Make it believable Scott, please. To call Boland’s debut a long-awaited one would be to imply it had in some way been expected. But aside from some comments in the press from former Australia opener Chris Rogers pushing the case for Boland’s selection, there had been little sense that Boland would be near the Aussie squad for the series. However, after injuries to Josh Hazelwood and Jhye Richardson, the “MCG Specialist” Boland was preferred to perennial 12th man Michael Neser, paving the way for him to take six second innings wickets for just seven runs and bowl Australia to victory. A dream debut. And one which he showed to be more than a fluke over the days that followed, with his uncanny consistency, useful pace and knack for finding just enough movement proving too good for England’s batters.

Wisden’s Test spells of the year, No.4: Mohammed Siraj 5-73

Australia v India
The Gabba, Brisbane
4th Test

Five wicket hauls come in all shapes and sizes. But few have been as impressive as Mohammed Siraj’s return at the Gabba which set up the most famous of Indian victories. Leading the attack in just his third Test match, Siraj dismissed Australia’s numbers three, four and five as Marnus Labuschagne, Steve Smith and Matthew Wade all fell victim. Siraj then added Mitchell Starc to his list before claiming the final wicket of Josh Hazlewood to complete his maiden five-wicket haul.

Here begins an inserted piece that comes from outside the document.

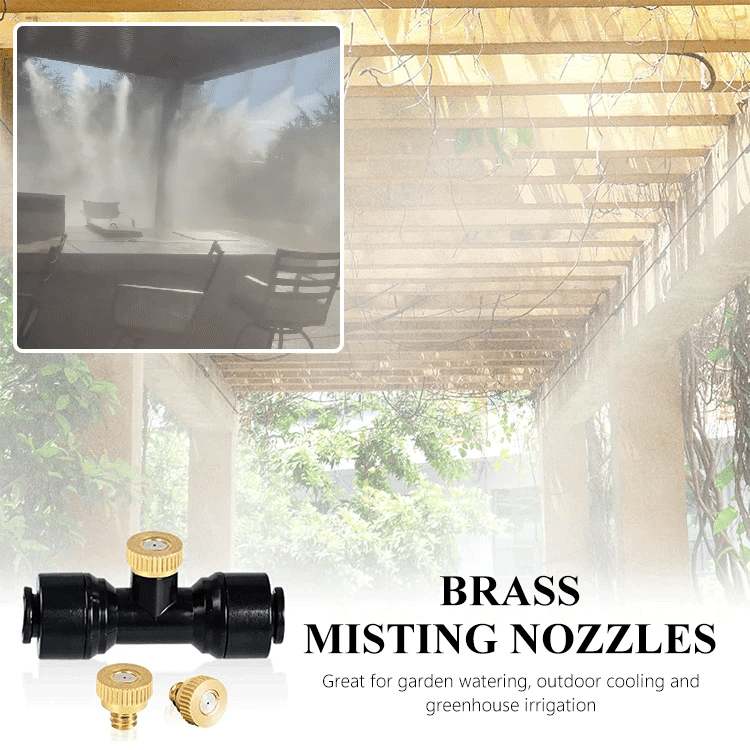 Outdoor Misting Cooling System —Stay cool. Play longer. Enjoy summer outdoors. 🌿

Wisden’s Test spells of the year, No.3: Kyle Jamieson 5-31

India v New Zealand
The Ageas Bowl, Southampton
WTC Final, 19-20th June

A player-of-the-match performance in the first ever World Test Championship final cemented Kyle Jamieson’s growing legend within the modern game. Standing at six foot a million inches tall, Jamieson combines his height with the ability to swing the ball at good pace, making him one of the hardest bowlers to face in Test cricket. In Southampton, Jamieson strangled the Indian batters as he conceded just 31 runs off his 22 overs.  At the point he claimed the vital of wicket of Virat Kohli, India had been 149-3 and well set in the first innings, but thanks to Jamieson, India would be bowled out for 217 as the fast bowler put his country on the path to being world champions.

Wisden’s Test spells of the year, No.2: Sajid Khan 8-42

Bangladesh v Pakistan
Shere Bangla National Stadium,
2nd Test, 7-8th Dec

Three Tests into his career and Sajid Khan had so far failed to set the world alight. With six wickets in three matches and an average of 37.83, there was little evidence for the miracle that Khan was about to perform. Rain during the game had meant that it was only ten overs before tea on the fourth day that Bangladesh would even take the field to bat as Pakistan declared on 300-4. This meant Pakistan’s only route to victory would be to bowl Bangladesh out for fewer than 100, make them follow-on and bowl them out again. 20 wickets required. In four and a bit sessions. Step up, Sajid Khan, as bar a run-out and the final wicket of the first innings, Khan would take all eight to bowl Bangladesh out for 87 and enforce the follow-on. The next day, Khan would bowl 32 overs in the final innings and take a further a four wickets, including the final one of the match, as Bangladesh were dismissed for 205 to end up losing by an innings and eight runs. At the close of day three of this Test match Sajid Khan had six Test wickets to his name. At the end of day four he had 12. And at the end of day five he would have 18 and be the hero of the most unlikely Pakistan victory.